## Data shown

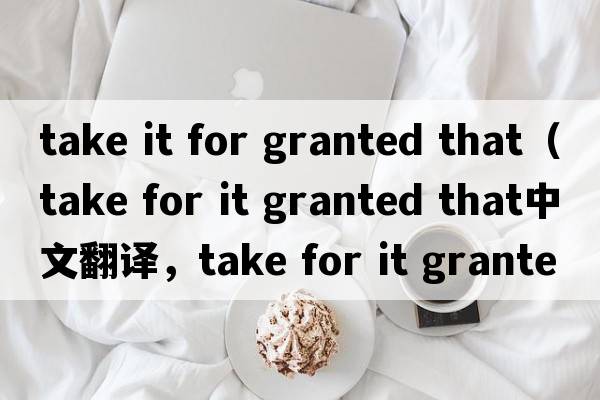 take it for granted that（take for it granted that中文翻譯，take for it granted that是什么意思，take for it gran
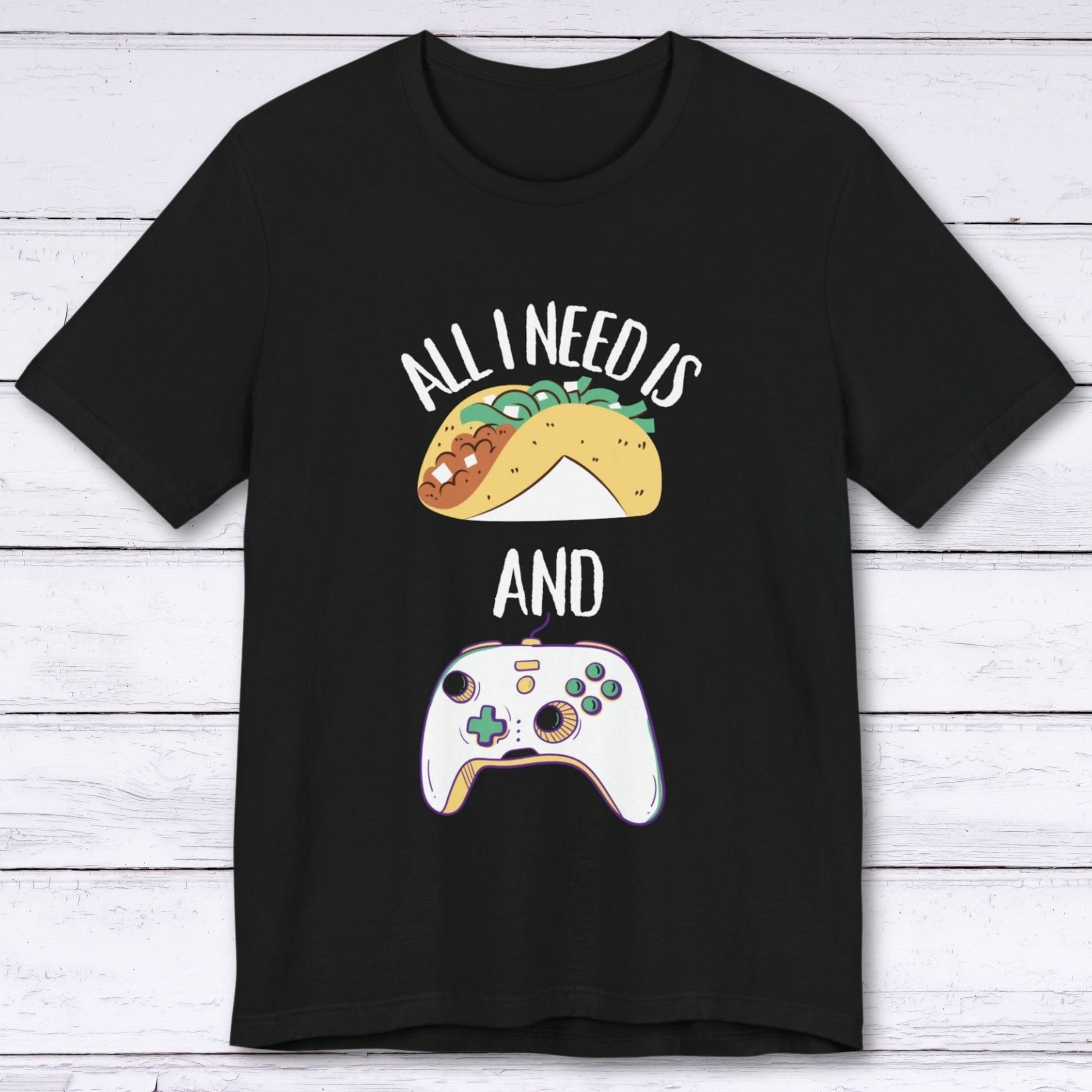 T-Shirt Black / S All I Need is Tacos and Gaming T-shirt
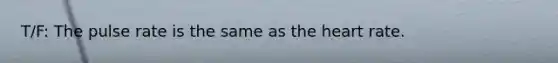 T/F: The pulse rate is the same as the heart rate.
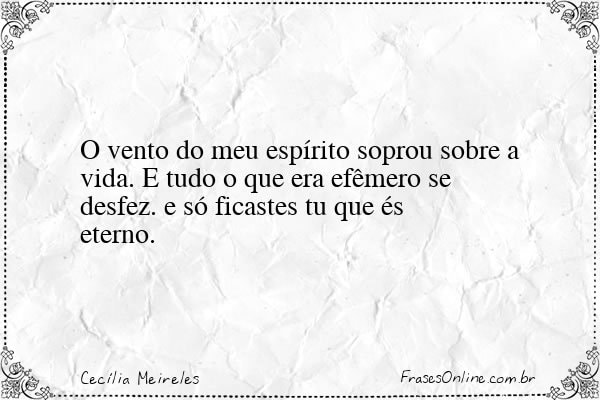 Frase de Cecília Meireles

## What is needed
Leaving out the pictures, output each line above exactly as it is.

## Written reply
 take it for granted that（take for it granted that中文翻譯，take for it granted that是什么意思，take for it gran
 T-Shirt Black / S All I Need is Tacos and Gaming T-shirt
 T/F: The pulse rate is the same as the heart rate.
 Frase de Cecília Meireles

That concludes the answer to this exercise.